Strona:Władysław Stanisław Reymont - Za frontem.djvu/154

Ta strona została przepisana.

Ucałował ją serdecznie, pełen uwielbienia, i odprowadził do saloniku, gdzie już czekało na nią posłanie, dzbanek malinowego wywaru i Magda.
A że nie było czem świecić, to i ksiądz położył się do łóżka i długo rozmyślał o strasznych przejściach dni ostatnich, a wkońcu i o pannie Zosi.
— Zuch dziewczyna, ale czy sobie da radę? — z tą troską zasnął.
O dobrym dniu rozbudziły go ciężkie stąpania gospodyni.
— Cóż tam nowego, hę?
Tak był pytał codziennie od wielu, wielu lat.
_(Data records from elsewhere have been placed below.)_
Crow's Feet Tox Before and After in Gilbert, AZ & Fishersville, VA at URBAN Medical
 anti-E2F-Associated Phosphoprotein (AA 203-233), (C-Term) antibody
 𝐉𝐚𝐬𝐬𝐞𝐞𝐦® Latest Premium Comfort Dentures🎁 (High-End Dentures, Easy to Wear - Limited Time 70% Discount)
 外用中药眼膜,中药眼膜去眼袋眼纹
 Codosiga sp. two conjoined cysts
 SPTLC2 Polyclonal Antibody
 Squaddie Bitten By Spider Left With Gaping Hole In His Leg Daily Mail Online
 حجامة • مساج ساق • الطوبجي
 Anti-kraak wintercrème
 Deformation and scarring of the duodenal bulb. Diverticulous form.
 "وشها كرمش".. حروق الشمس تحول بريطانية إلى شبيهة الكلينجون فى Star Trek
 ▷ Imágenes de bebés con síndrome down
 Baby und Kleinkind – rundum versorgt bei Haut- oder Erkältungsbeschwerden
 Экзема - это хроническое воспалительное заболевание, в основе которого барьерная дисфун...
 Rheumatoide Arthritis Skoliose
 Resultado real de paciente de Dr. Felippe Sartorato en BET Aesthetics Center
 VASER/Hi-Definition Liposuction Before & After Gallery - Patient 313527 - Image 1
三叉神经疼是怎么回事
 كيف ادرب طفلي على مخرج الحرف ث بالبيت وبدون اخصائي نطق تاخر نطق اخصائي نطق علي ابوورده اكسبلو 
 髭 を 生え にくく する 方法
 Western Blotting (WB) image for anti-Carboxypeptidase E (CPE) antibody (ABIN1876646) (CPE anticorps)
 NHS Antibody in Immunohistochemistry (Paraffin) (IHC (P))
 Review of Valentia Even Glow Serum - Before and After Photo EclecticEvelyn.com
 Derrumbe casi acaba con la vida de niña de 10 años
— Słońce świeci, będzie upał — otwarła okna i pokój zalały ptasie świergoty. — Przyszło pięcioro dzieci z Malińca. Odbiły się w drodze od swoich i przywlokły się na plebanię. Utaplane w błocie, jak te psiaki. Niewiadomo co zrobić z niemi.
— Wiadomo: dać im jeść, pomyć i przygarnąć. Gdzież to pójdą sieroty!
— A cóż to im damy jeść? — warknęła groźnie. — Niechże sobie jegomość zapamięta: kawy i herbaty niema już ani na lekarstwo; cukru ledwie cośniecoś; mąki dobrze jak starczy mi na miesiąc! Przyjdzie nam żreć ziemniaki z solą! A tu pięć nowych gąb i takiego drobiazgu! Mam ja to czas myśleć o nich, mam?